Florida ports have moved to restrict ship navigation as Hurricane Milton intensifies as it heads up the state’s coast and threatens to become a Category 4 or 5 hurricane before moving through Central Florida.

Earlier Monday, Chevron said it had shut down its Blind Faith platform and evacuated all personnel as a precaution.

“Production from our other Chevron-operated Gulf of Mexico assets remains at normal levels,” Chevron said in a media update as weather services, forecasters and producers in the Gulf of Mexico track the path of Hurricane Milton.

Hurricane Milton will make landfall in Florida later this week after passing through the US Gulf of Mexico.

By Monday afternoon, Milton had strengthened to a Category 5 hurricane with sustained winds of 160 miles per hour as it headed toward Florida, with forecasters warning of a major storm surge in Tampa Bay. The warning was issued for most of the west coast of Florida, according to Associated Press (AP).
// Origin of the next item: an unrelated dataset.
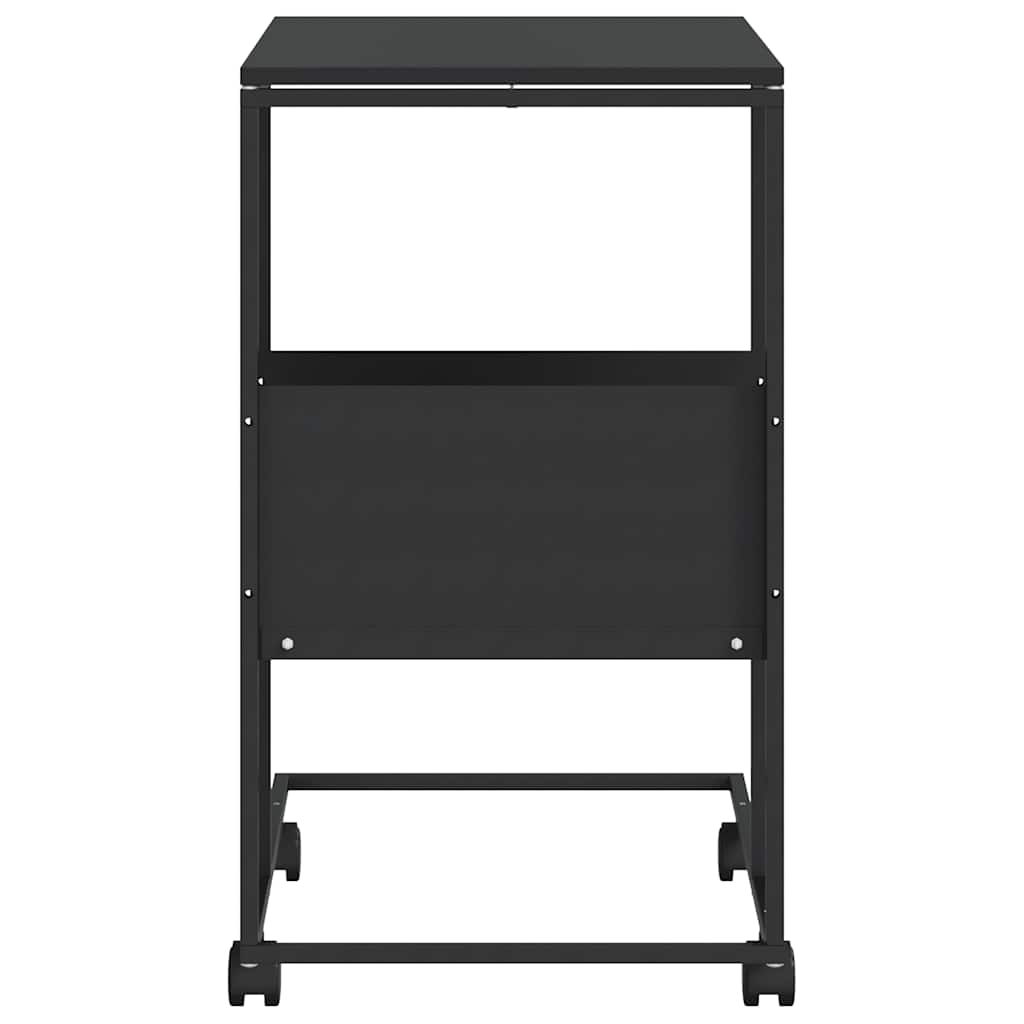 Tavolino con Ruote Nero 55x36x63,5 cm in Legno Multistrato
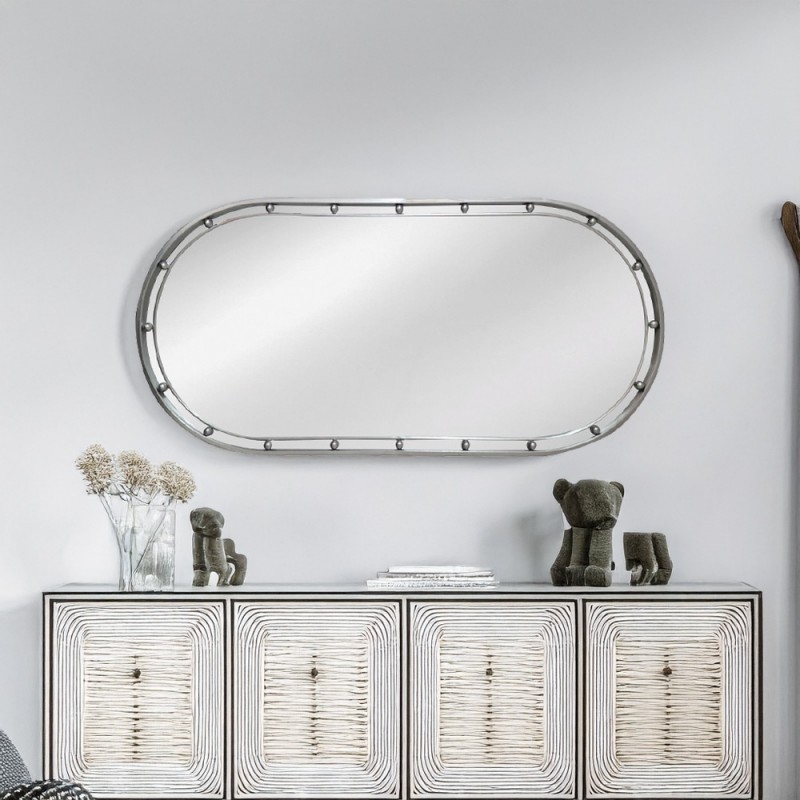 Artekko Dia Ασημί Μεταλλικός Καθρέπτης Τοίχου (50x3.5x100)cm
Reuters reports that most energy assets along the US Gulf Coast are expected to stay out of the storm’s direct path, although precautionary shutdowns could lead to brief supply disruptions.

Producers in the US Gulf of Mexico have shut down some rigs and been producing in recent weeks ahead of other tropical storms and hurricanes in the area. At the beginning of September, Hurricane Francine led to the shutdown of Shell assets, while the subsequent Hurricane Helene, for which cleanup and rescue is still ongoing, claimed at least 230 lives but spared oil and gas infrastructure.

According to forecasters cited by the AP, Hurricane Milton could hit the coast in the Tampa Bay area on Wednesday and then cross central Florida towards the Atlantic Ocean.